Completing the Square

Section 1.4 Completing the Square

Consider a quadratic equation, $ax^2 + bx + c = 0\text{.}$ Recall that we have solved quadratic equations of the form,

\begin{equation*} (x - h)^2 = k \end{equation*}

using the square root property (i.e. taking the square root of both sides). For example, to solve $(x - 2)^2 = 5\text{,}$

\begin{align*} (x - 2)^2 \amp = 5\\ x - 2 \amp = \pm \sqrt{5} \amp\amp \text{by the square root property}\\ x \amp = 2 \pm \sqrt{5} \amp\amp \text{solving for $x$} \end{align*}

Alternatively, we could have expanded out the equation first, and write it in standard form,

\begin{align*} (x - 2)^2 \amp = 5\\ x^2 - 4x + 4 \amp = 5\\ x^2 - 4x - 1 \amp = 0 \end{align*}

The equations $x^2 - 4x - 1 = 0$ and $(x - 2)^2 = 5\text{.}$ The equation $x^2 - 4x - 1 = 0$ can't be solved by factoring (you can confirm this). However, notice that all of the steps are reversible. That is,

\begin{align*} x^2 - 4x - 1 \amp = 0\\ x^2 - 4x + 4 \amp = 5 \amp\amp \text{adding 5 to both sides}\\ (x - 2)^2 \amp = 5 \amp\amp \text{rewriting the left-hand side}\\ x - 2 \amp = \pm \sqrt{5} \amp\amp \text{by the square root property}\\ x \amp = 2 \pm \sqrt{5} \amp\amp \text{solving for $x$} \end{align*}

This illustrates a general technique for solving quadratic equations, in particular those which can't be factored. The idea is to write the quadratic as a square of the form $(x - h)^2\text{,}$ and then use the square root property. This technique is called completing the square.
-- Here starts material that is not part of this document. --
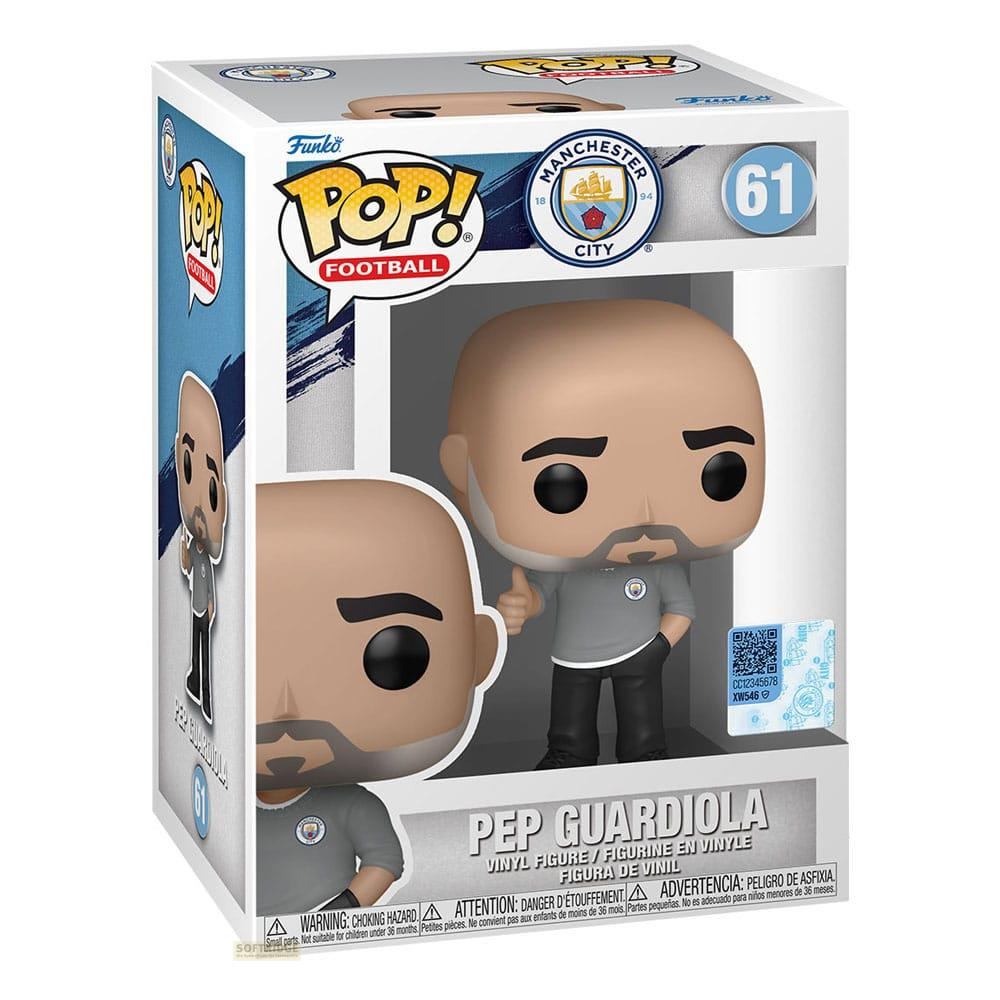 Figurka winylowa Funko Pop! Pep Guardiola w pudełku, w szarej koszuli.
Subsection 1.4.1 Solving by Completing the Square

Recall that a perfect square trinomial is a trinomial that can be factored as the square of a sum/difference.
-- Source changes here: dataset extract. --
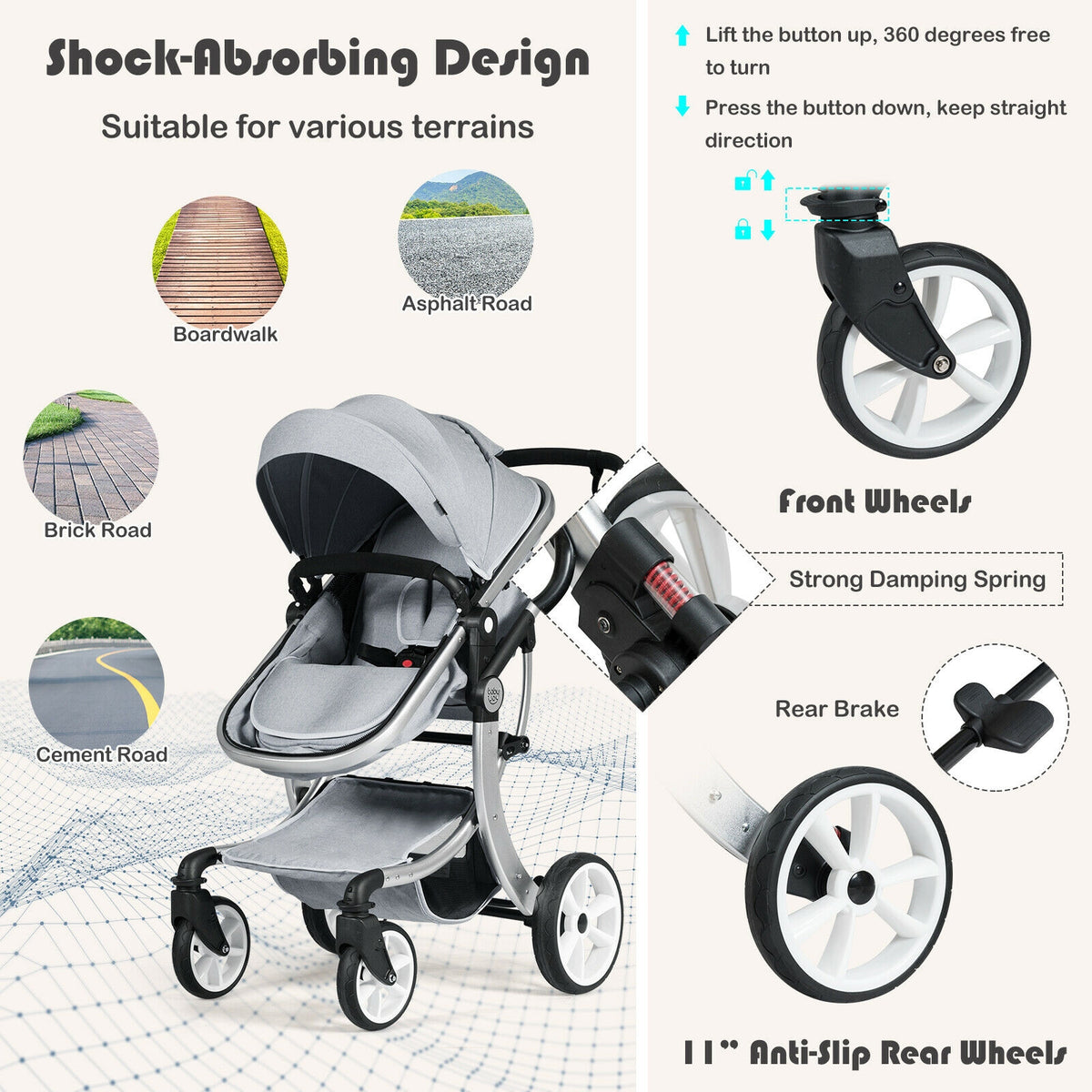 Costway 2-in-1 Foldable Baby Stroller with Diaper Bag - Gray, No Cup Holders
\begin{equation*} x^2 + 8x + 16 = (x + 4)^2 \qquad \text{and} \qquad x^2 - 10x + 25 = (x - 5)^2 \end{equation*}

In general, for a perfect square trinomial, the constant term is equal to the square of $\frac{1}{2}$ of the coefficient of the $x$ term. In other words,

\begin{equation*} x^2 + ax + \brac{\frac{a}{2}}^2 = \brac{x + \frac{a}{2}}^2 \end{equation*}

If the coefficient of $x$ is $a\text{,}$ then the constant term must be $\brac{\frac{a}{2}}^2\text{.}$

First, consider an equation of the form,

\begin{equation*} x^2 + bx + c = 0 \end{equation*}

First, move the constant term to the other side of the equation. Then, add $\brac{\frac{b}{2}}^2$ to both sides of the equation,

\begin{equation*} x^2 + bx + \brac{\frac{b}{2}}^2 = \brac{\frac{b}{2}}^2 - c \end{equation*}

Then, rewrite the left-hand side as a perfect square,

\begin{equation*} \brac{x + \frac{b}{2}}^2 = \brac{\frac{b}{2}}^2 - c \end{equation*}

Finally, take the square root of both sides of the equaton and use the square root property, to solve for $x\text{.}$

If the leading coefficient of the quadratic is not 1, then first divide by that coefficient, and continue as above.

This process is called completing the square, because it involves quite literally taking a polynomial $x^2 + bx\text{,}$ and adding an appropriate constant such that it becomes a perfect square trinomial.

Subsection 1.4.2 Summary of Solving an Equation by Completing the Square

Write the equation in the form,
\begin{equation*} ax^2 + bx = -c \end{equation*}
Divide both sides by $a\text{,}$ to make the leading coefficient equal to 1,
\begin{equation*} x^2 + \frac{b}{a}x = -\frac{c}{a} \end{equation*}
Add the square of half of the coefficient of $x\text{,}$ to both sides of the equation.
Factor the perfect square trinomial (you can check you added the constant correctly by expanding the perfect square, and confirming it is equal to the original trinomial).
Use the square root property to take the square root of both sides of the equation.
Solve for $x\text{.}$
Check the solutions, by substituting them for $x$ in the original equation.

Subsection 1.4.3 Completing the Square Geometrically

Subsection 1.4.4 Historical Aside

The method of completing the square was known as early as 1600BC to the ancient Babylonians, well before algebraic notation was even invented.